▶ About this task
Please return the full listing exactly as written, with the images removed.
*** Begin section ***
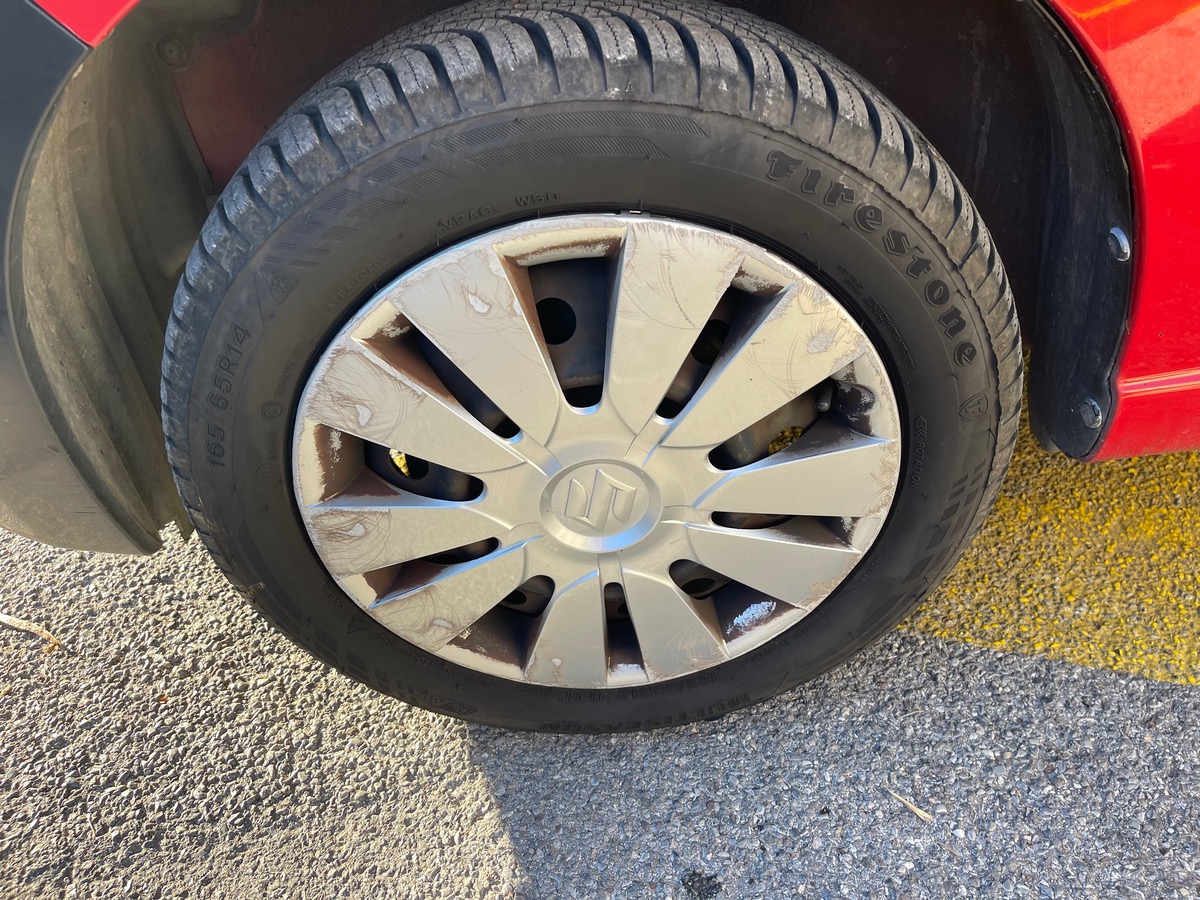 Suzuki Alto 1.0 i 68 CV / Boite Auto / 5 Portes / Clim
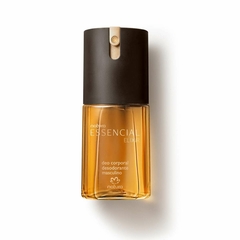 Desodorante Corporal Essencial Elixir Masculino na internet
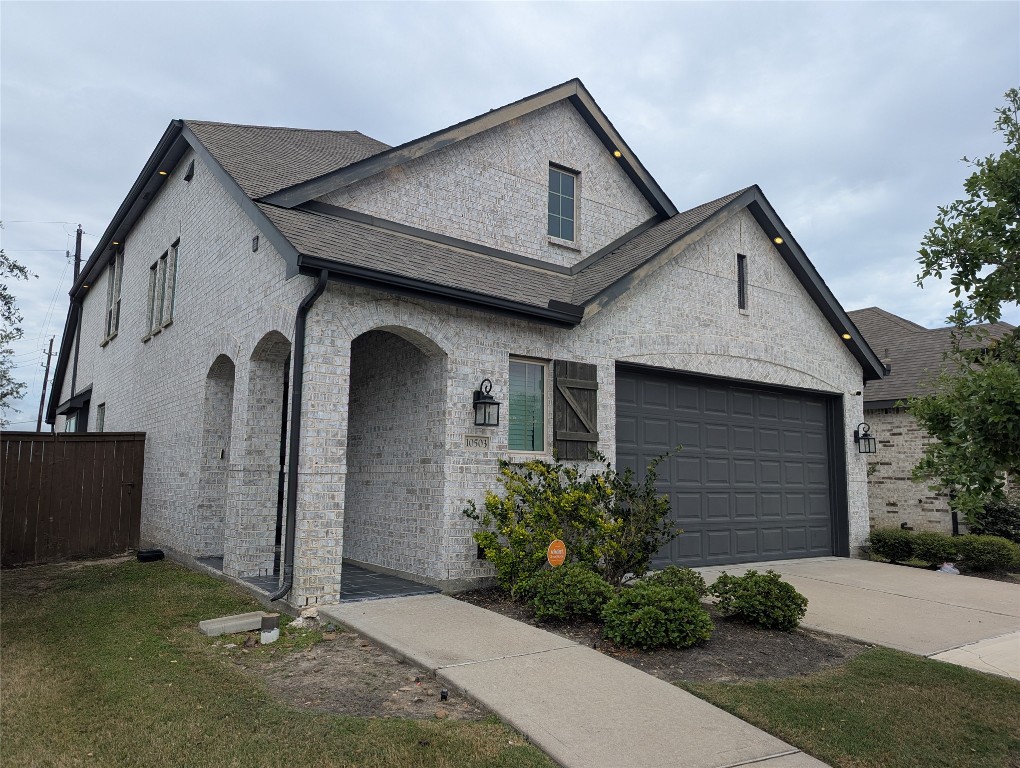 10503 Dolce Lane Rosharon, TX 77583 - Photo 1 of 41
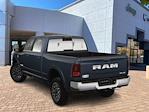 New 2025 Ram 2500 Longhorn Crew Cab 4x4 Pickup for sale #45386 - photo 7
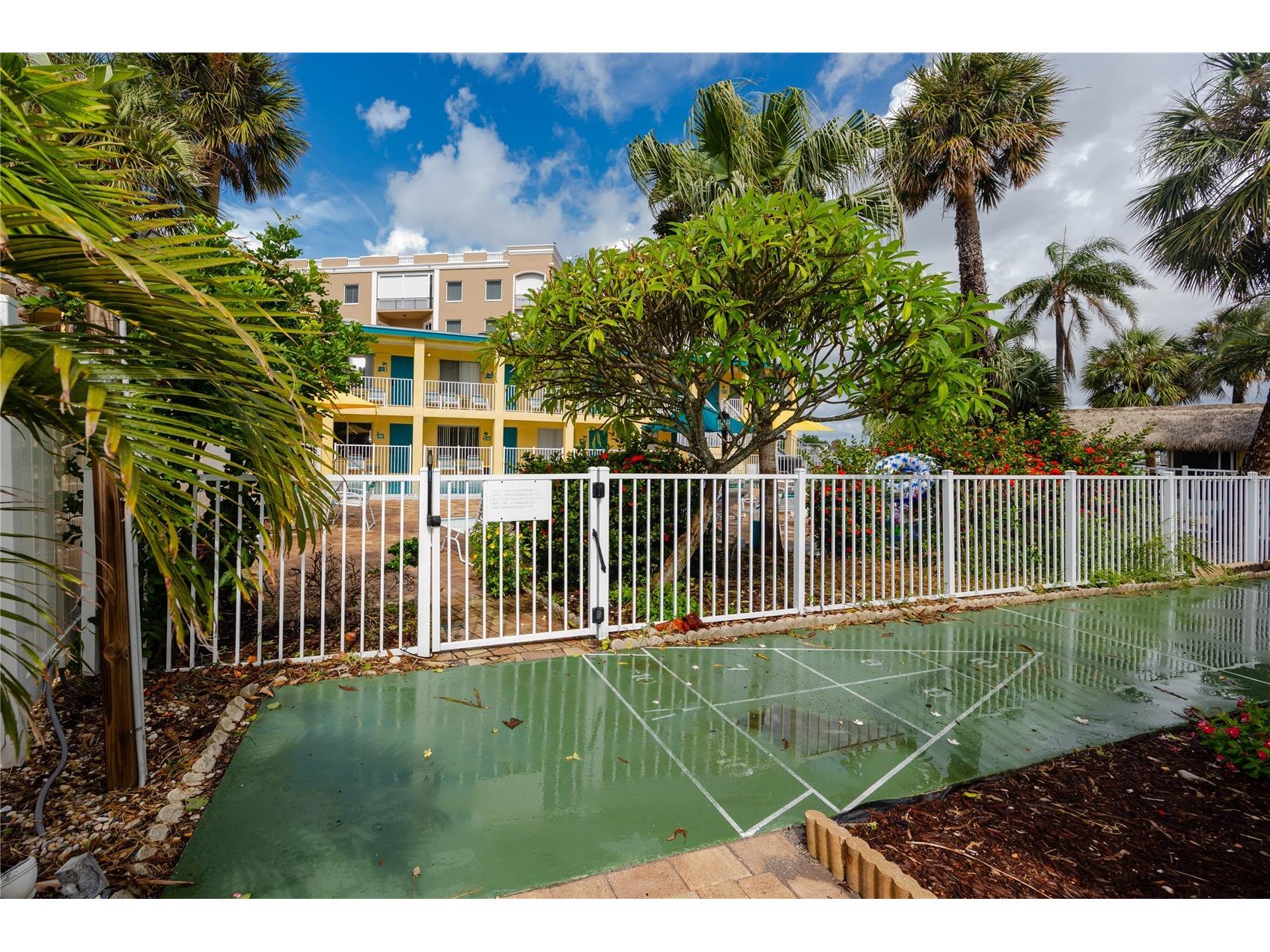 282 Treasure Island Causeway #12 Treasure Island FL 33706 - BOCA CIEGA BAY TB8481912 image35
*** End section ***
▶ Result below
 Suzuki Alto 1.0 i 68 CV / Boite Auto / 5 Portes / Clim
 Desodorante Corporal Essencial Elixir Masculino na internet
 10503 Dolce Lane Rosharon, TX 77583 - Photo 1 of 41
 New 2025 Ram 2500 Longhorn Crew Cab 4x4 Pickup for sale #45386 - photo 7
 282 Treasure Island Causeway #12 Treasure Island FL 33706 - BOCA CIEGA BAY TB8481912 image35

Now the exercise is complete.